BEGIN Exercise data

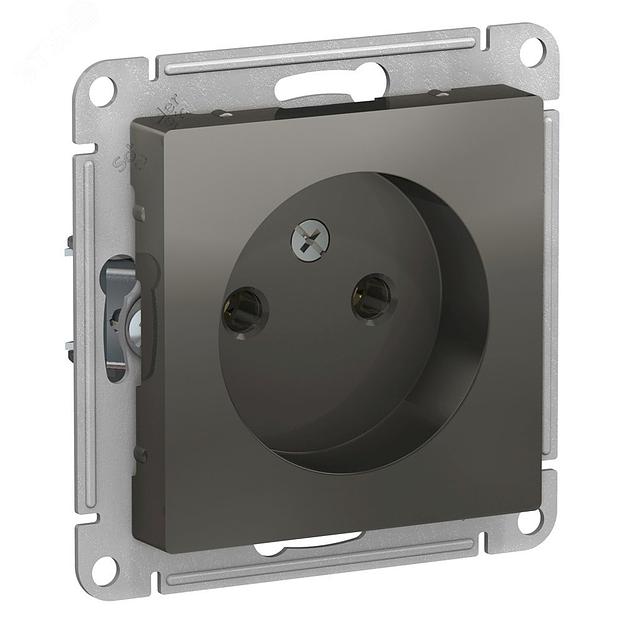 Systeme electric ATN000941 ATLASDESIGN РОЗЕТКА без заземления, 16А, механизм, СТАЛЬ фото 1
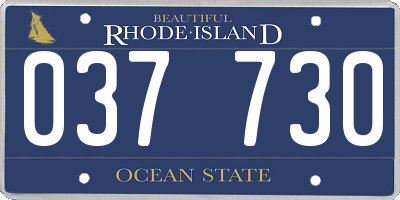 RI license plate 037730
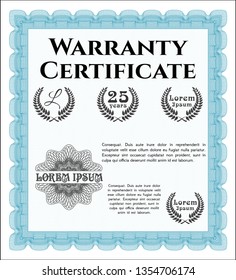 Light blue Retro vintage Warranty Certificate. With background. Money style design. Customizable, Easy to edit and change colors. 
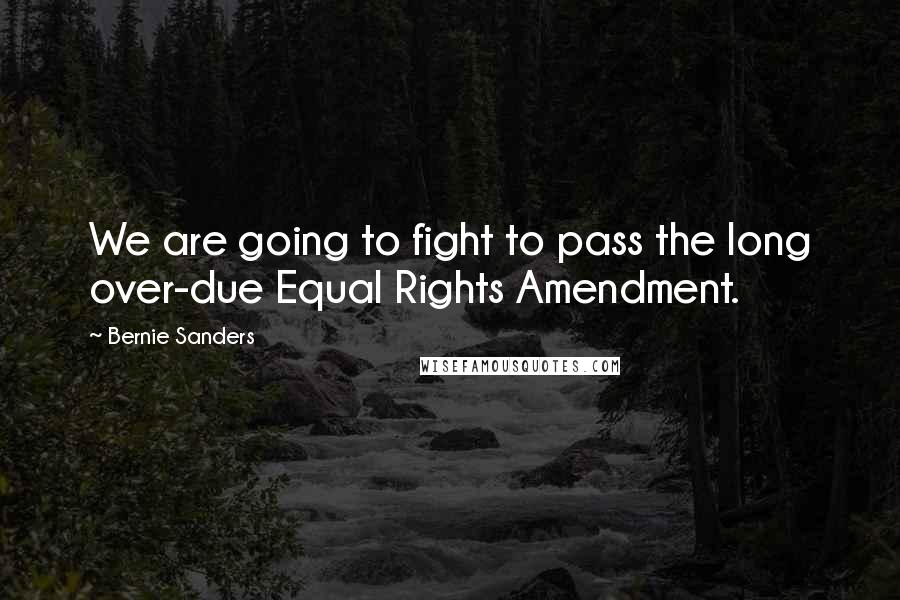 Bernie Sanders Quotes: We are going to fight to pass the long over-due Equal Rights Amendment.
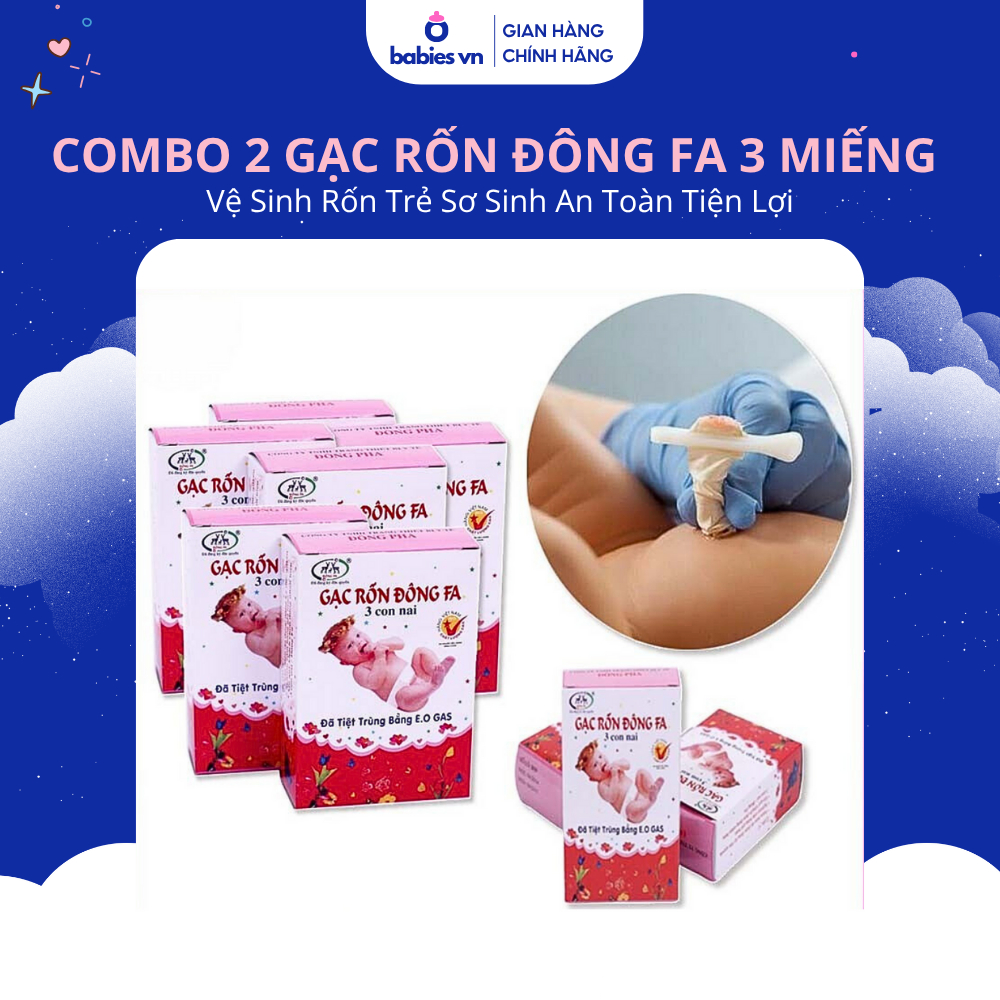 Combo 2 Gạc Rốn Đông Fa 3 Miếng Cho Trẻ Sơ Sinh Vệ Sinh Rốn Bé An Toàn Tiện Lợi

END Exercise data

Task requirements | Repeat only what runs from the first line of the records above to the line with "Bernie Sanders Quotes: We", both included, word for word, minus the pictures.

Solution to the problem |
 Systeme electric ATN000941 ATLASDESIGN РОЗЕТКА без заземления, 16А, механизм, СТАЛЬ фото 1
 RI license plate 037730
 Light blue Retro vintage Warranty Certificate. With background. Money style design. Customizable, Easy to edit and change colors. 
 Bernie Sanders Quotes: We are going to fight to pass the long over-due Equal Rights Amendment.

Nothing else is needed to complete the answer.